### INFORMATION SUPPLIED:

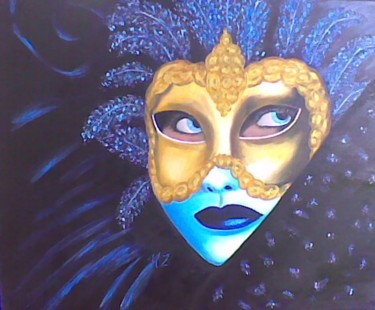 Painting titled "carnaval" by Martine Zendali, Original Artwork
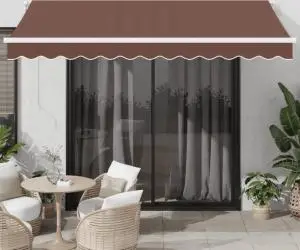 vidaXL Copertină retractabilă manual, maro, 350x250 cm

...

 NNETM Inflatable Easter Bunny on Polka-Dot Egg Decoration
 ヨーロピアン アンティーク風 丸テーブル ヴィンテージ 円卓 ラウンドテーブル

### INSTRUCTIONS TO FOLLOW:
In the listing above, find the line with "Zendali, Original Artwork" and the line with "vidaXL Copertină retractabilă". Output both, plus every line between them, and no pictures.

### RESULT BELOW:
 Painting titled "carnaval" by Martine Zendali, Original Artwork
 vidaXL Copertină retractabilă manual, maro, 350x250 cm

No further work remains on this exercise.